Cohen column short on facts  

JERUSALEM — Newspaper columns can be reassuring or disappointing, but few are packed with as many deceptive, inaccurate or irrelevant comments as the one by Roger Cohen that appeared a week ago in the Feb. 14 issue of the International Herald Tribune.
Cohen’s absurd text was inspired by a newly published book by Peter Beinart, a fellow journalist, entitled, “The Crisis of Zionism.” It is based on the belief that contemporary Israel is a “Jewish power” and therefore must behave accordingly, i.e. be magnanimous toward the “millions of Palestinians” who not only lack citizenship, but also suffer “all the humiliations of an occupied people.”

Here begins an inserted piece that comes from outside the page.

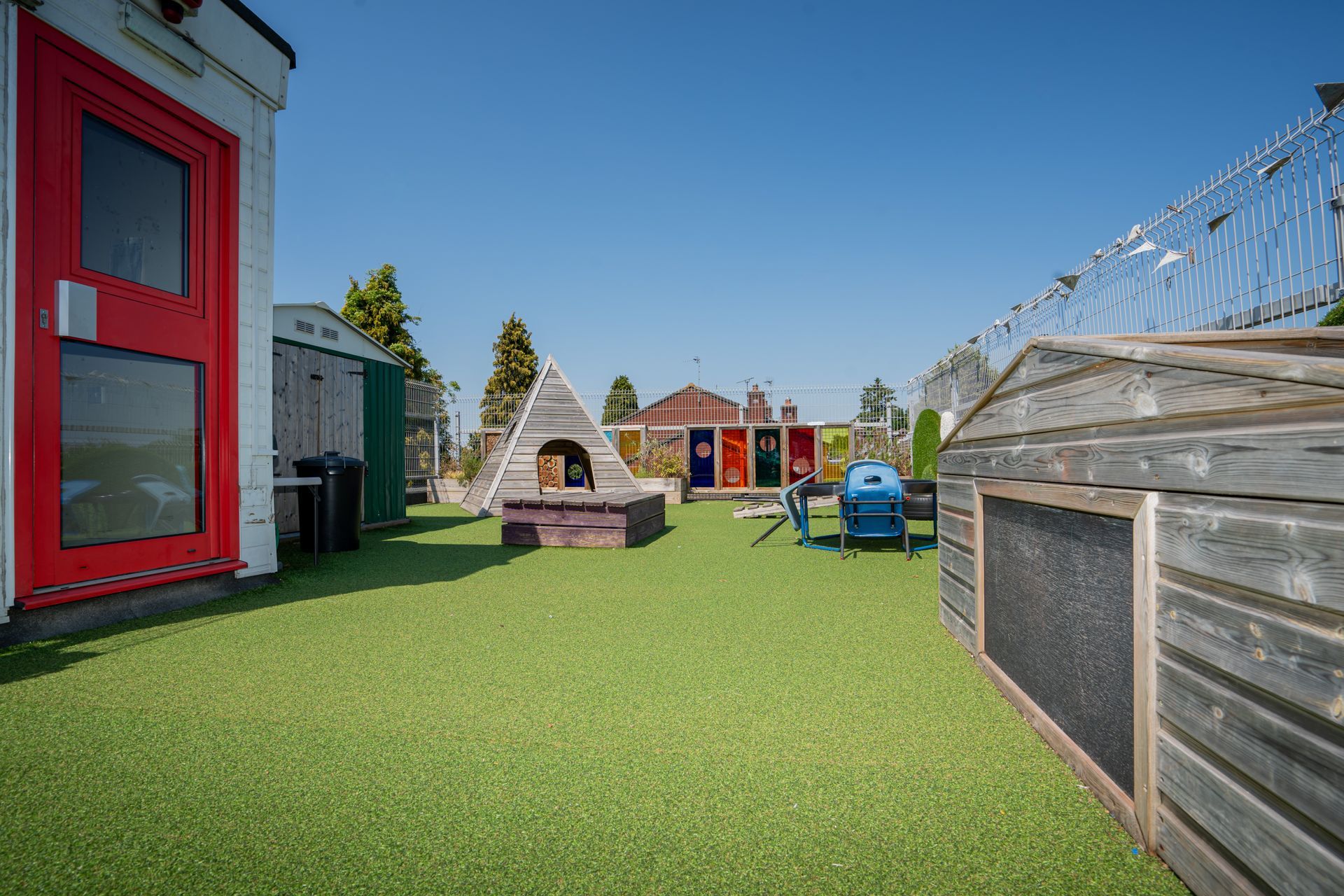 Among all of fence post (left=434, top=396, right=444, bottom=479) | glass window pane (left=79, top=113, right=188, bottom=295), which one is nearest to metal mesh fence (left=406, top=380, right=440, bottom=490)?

Beinart evidently convinced Cohen that Israel, which is defined in the Herald Tribune column as “the Middle East’s only nuclear-armed state,” has no reason to act like the region’s underdog constantly threatened by the neighboring Arab and/or Muslim states.
This thesis implicitly dismisses the justifiable concern in Jerusalem that the Islamic Republic of Iran is hell-bent on developing nuclear arms and would use them to destroy Israel.
The fact that Iran’s supreme leader, the Ayatollah Ali Khameini, recently called for Israel to be wiped off the map evidently has not given Cohen sufficient reason to reconsider Beinart’s assessment or revise his own conclusions.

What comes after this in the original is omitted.